We may consider situations in which the error at one specific time is linearly related to the error at the previous time. That is, the errors themselves follow a simple linear regression model that can be written as

\(\begin{equation} \epsilon_{t}=\rho\epsilon_{t-1}+\omega_{t}. \end{equation}\)

Here, \(|\rho|<1 \) is called the **autocorrelation parameter** and the \(\omega_{t}\) term is a new error term that follows the usual assumptions that we make about regression errors: \(\omega_{t}\sim_{iid}N(0,\sigma^{2})\). (Here "iid" stands for "independent and identically distributed.) So, this model says that the error at time *t* is predictable from a fraction of the error at time *t *- 1 plus some new perturbation \(\omega_{t}\).
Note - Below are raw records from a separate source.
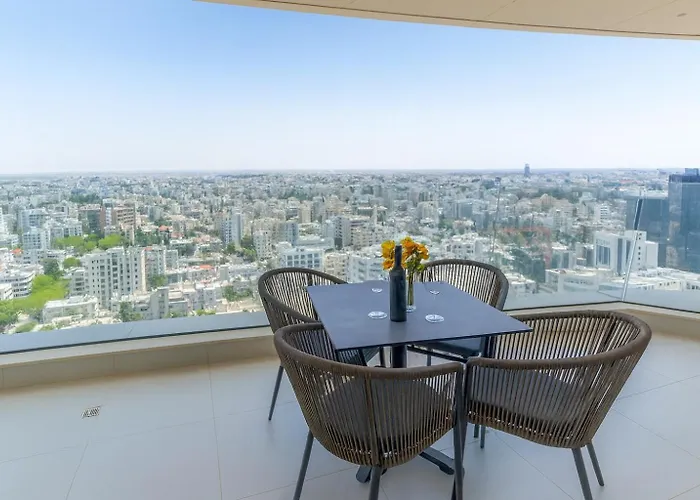 360 Heights, Gym & Pool Apartmán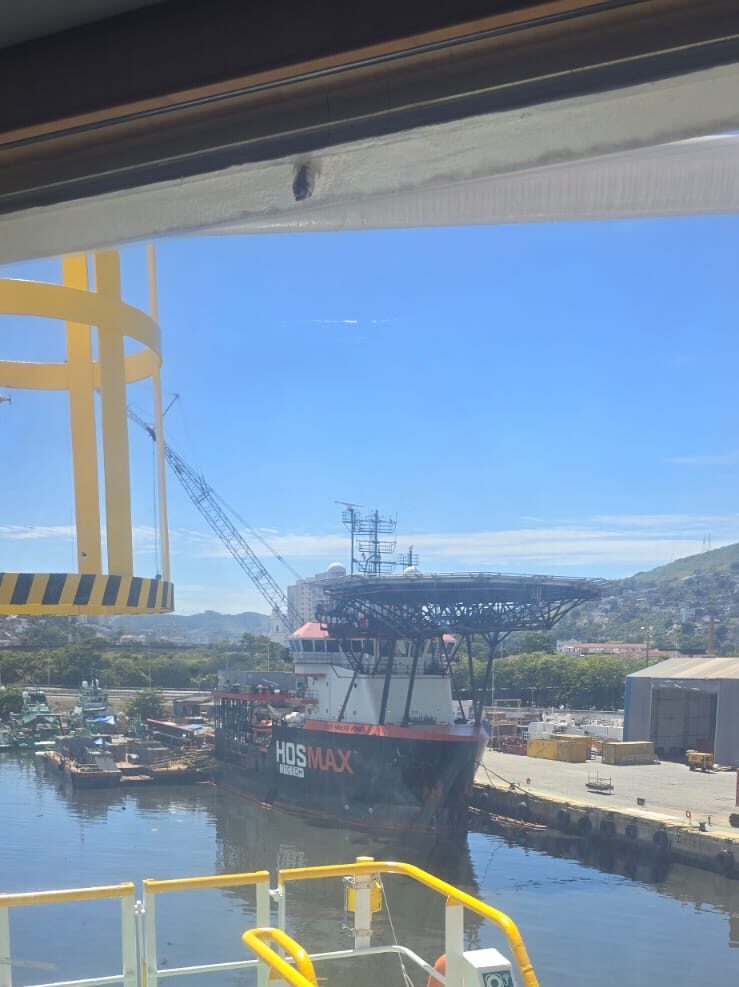 Manutenção Preventiva no comandos Eletricos no Navio Oceânica SUB XIV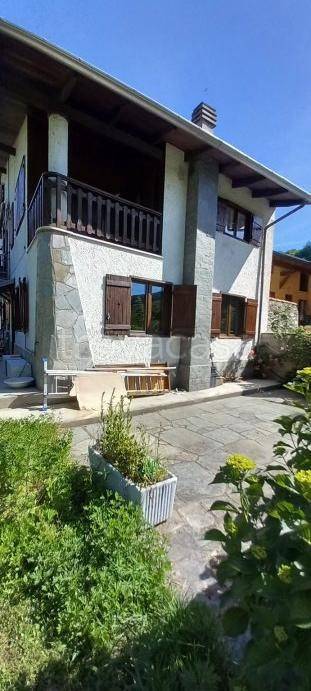 appartamento in affitto a Borgosesia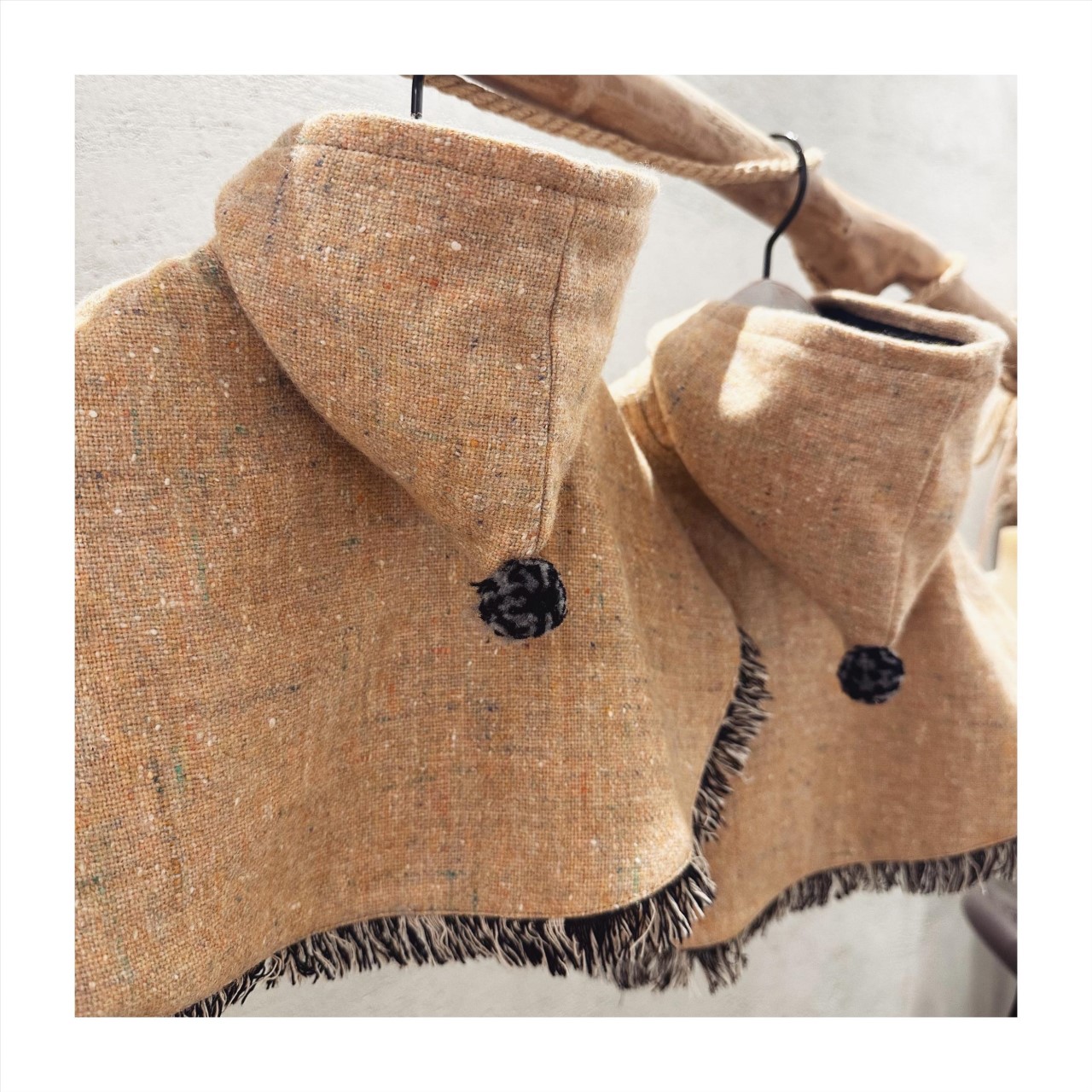 Mixed color woolen noble cloak   |      混色毛呢披風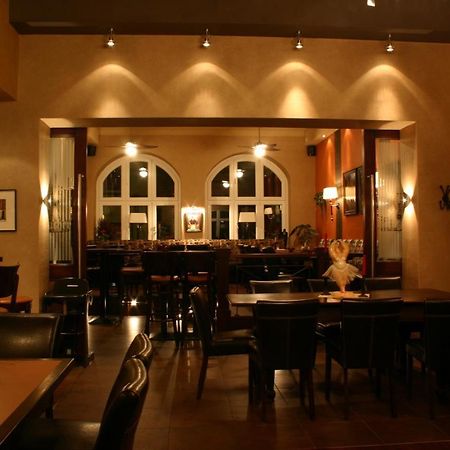 Hotel Restaurant Nassauer Loewen Exterior photo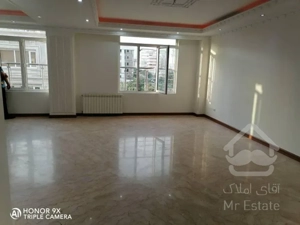 فروش اپارتمان زیر قیمت سالن پرده خور نور و نقشه عالی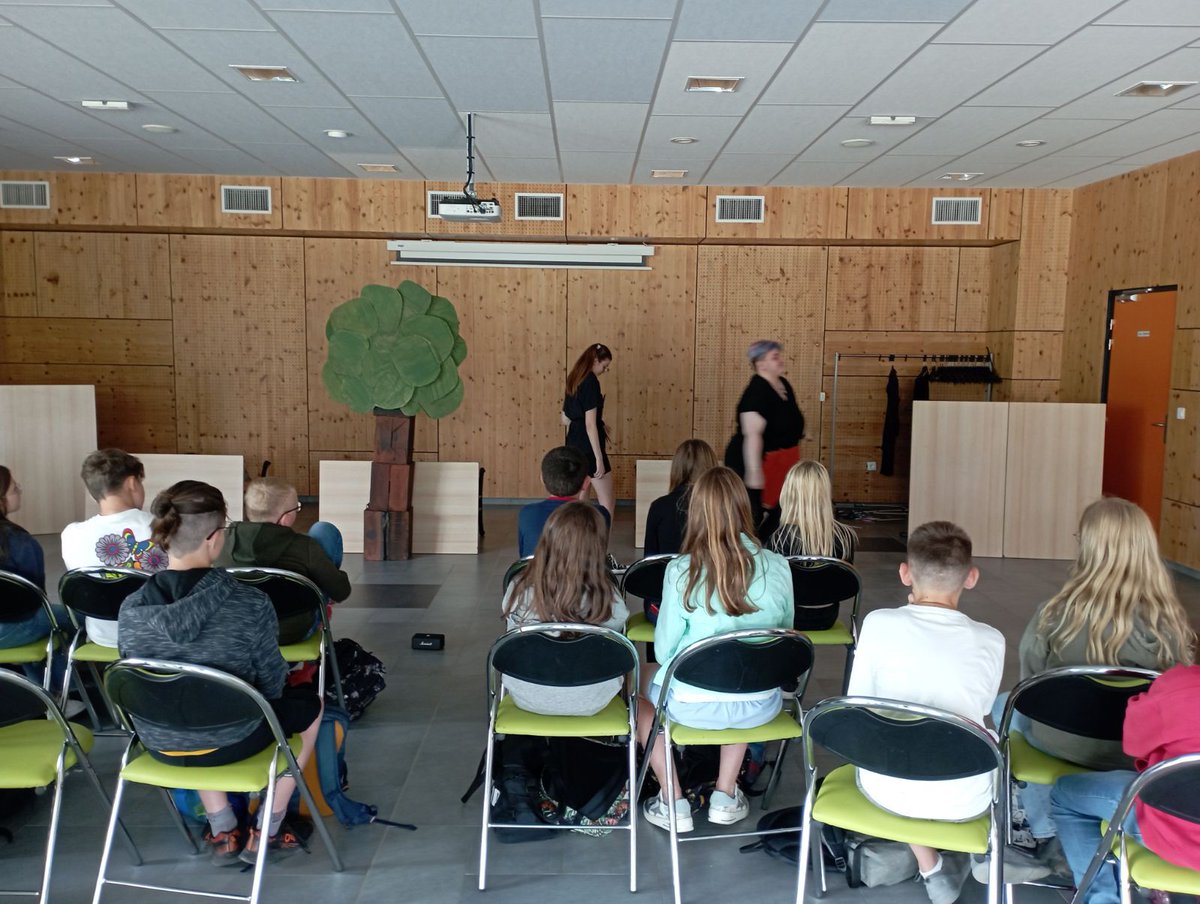 Clg_Salengro's tweet photo. Partenariat avec des étudiants de l'UFR d'arts du spectacle plus que concluant ! Les 2 spectacles proposés ont rencontré un vif succès !
@AcLille 
#desden62
#culture
#théâtre https://t.co/sxo9asDheI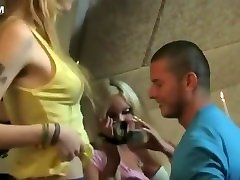 Astonishing xxx video Blonde try to big cilt vagins for boty sex shemale show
Our model for the \(\epsilon_{t}\) errors of the original *Y* versus **X** regression is an **autoregressive model for the errors**, specifically AR(1) in this case. One reason why the errors might have an autoregressive structure is that the *Y* and **X** variables at time *t* may be (and most likely are) related to the *Y* and **X** measurements at time *t –* 1. These relationships are being absorbed into the error term of our multiple linear regression model that only relates *Y* and **X** measurements made at concurrent times. Notice that the autoregressive model for the errors is a violation of the assumption that we have independent errors and this creates theoretical difficulties for ordinary least squares estimates of the beta coefficients. There are several different methods for estimating the regression parameters of the *Y* versus **X** relationship when we have errors with an autoregressive structure and we will introduce a few of these methods later.

The error terms \(\epsilon_{t}\) still have mean 0 and constant variance:

\(\begin{align*} \mbox{E}(\epsilon_{t})&=0 \\ \mbox{Var}(\epsilon_{t})&=\frac{\sigma^{2}}{1-\rho^{2}}. \end{align*}\)

However, the covariance (a measure of the relationship between two variables) between adjacent error terms is:

\(\begin{equation*} \mbox{Cov}(\epsilon_{t},\epsilon_{t-1})=\rho\biggl(\frac{\sigma^{2}}{1-\rho^{2}}\biggr), \end{equation*}\)

which implies the coefficient of correlation (a unitless measure of the relationship between two variables) between adjacent error terms is:

\(\begin{equation*} \mbox{Corr}(\epsilon_{t},\epsilon_{t-1})=\frac{\mbox{Cov}(\epsilon_{t},\epsilon_{t-1})}{\sqrt{\mbox{Var}(\epsilon_{t})\mbox{Var}(\epsilon_{t-1})}}=\rho, \end{equation*}\)

which is the autocorrelation parameter we introduced above.

We can use partial autocorrelation function (PACF) plots to help us assess appropriate lags for the errors in a regression model with autoregressive errors. Specifically, we first fit a multiple linear regression model to our time series data and store the residuals. Then we can look at a plot of the PACF for the residuals versus the lag. Large sample partial autocorrelations that are significantly different from 0 indicate lagged terms of \(\epsilon\) that may be useful predictors of \(\epsilon_{t}\).